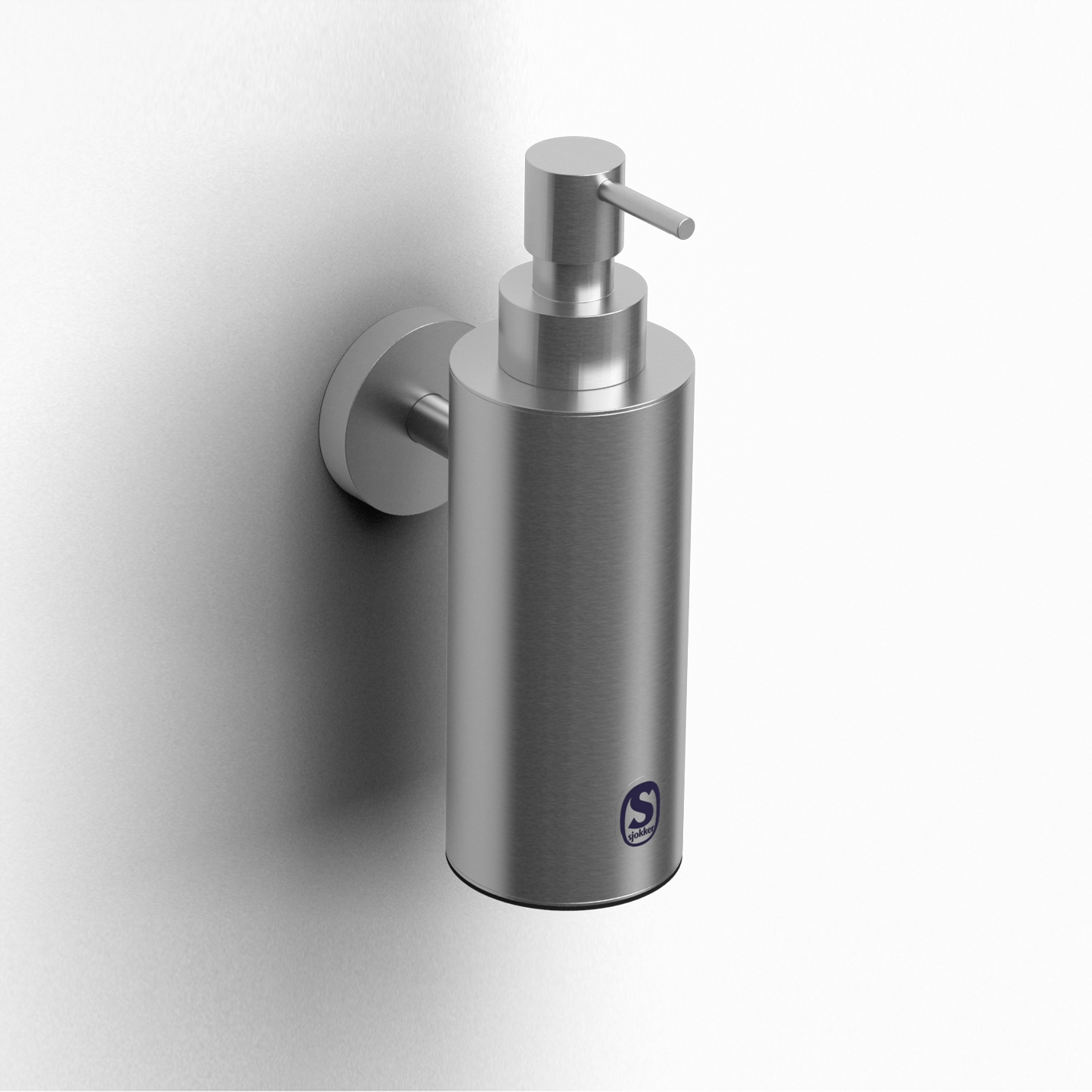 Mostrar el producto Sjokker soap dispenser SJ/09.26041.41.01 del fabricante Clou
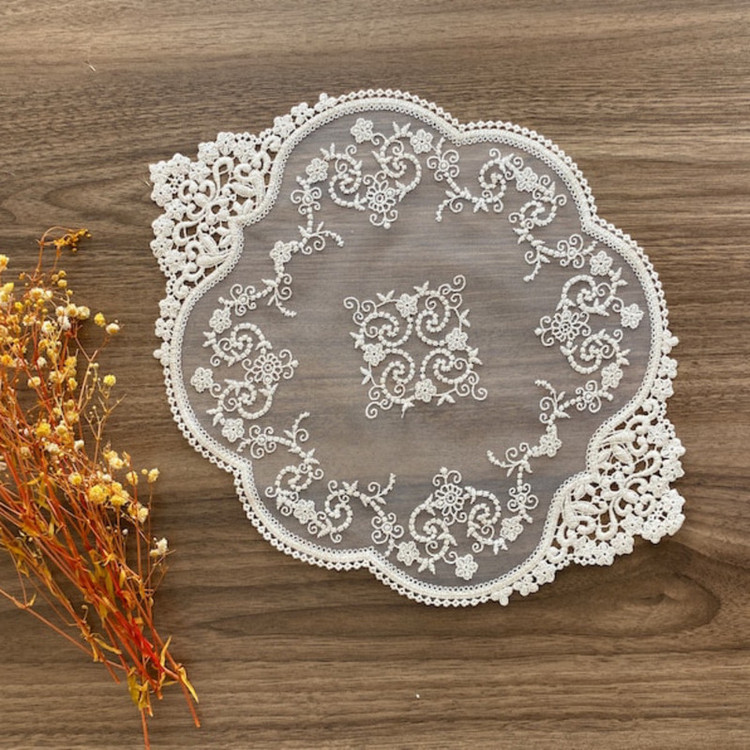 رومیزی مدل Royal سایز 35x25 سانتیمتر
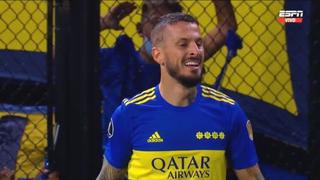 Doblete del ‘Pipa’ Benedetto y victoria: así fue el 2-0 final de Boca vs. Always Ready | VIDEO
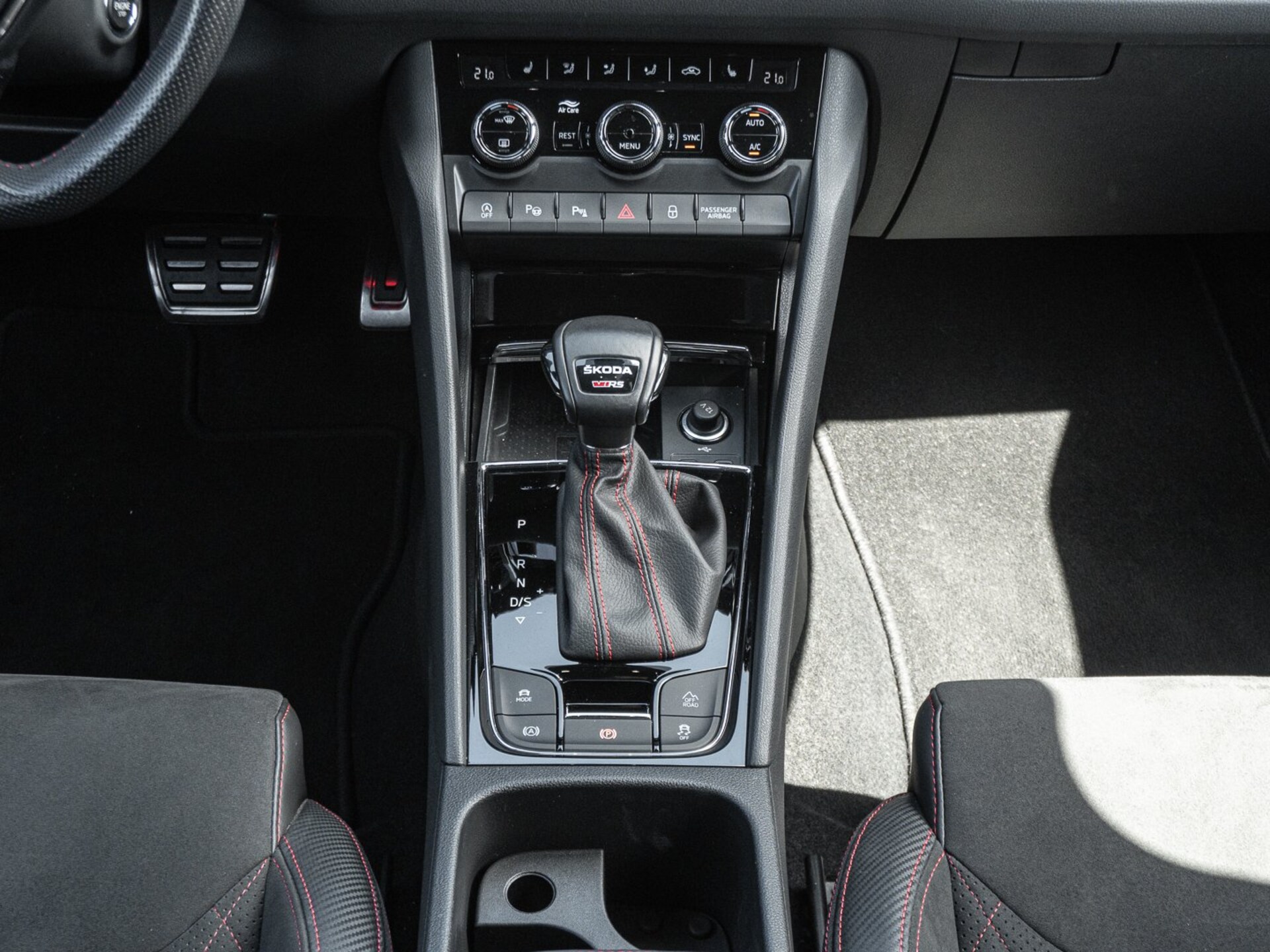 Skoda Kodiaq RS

- - - - - - -

The lines to copy run from the one with "Doblete del ‘Pipa’" through the end of the material. Write them out exactly, leaving out the pictures.

* [EXERCISE RESPONSE]
 Doblete del ‘Pipa’ Benedetto y victoria: así fue el 2-0 final de Boca vs. Always Ready | VIDEO
 Skoda Kodiaq RS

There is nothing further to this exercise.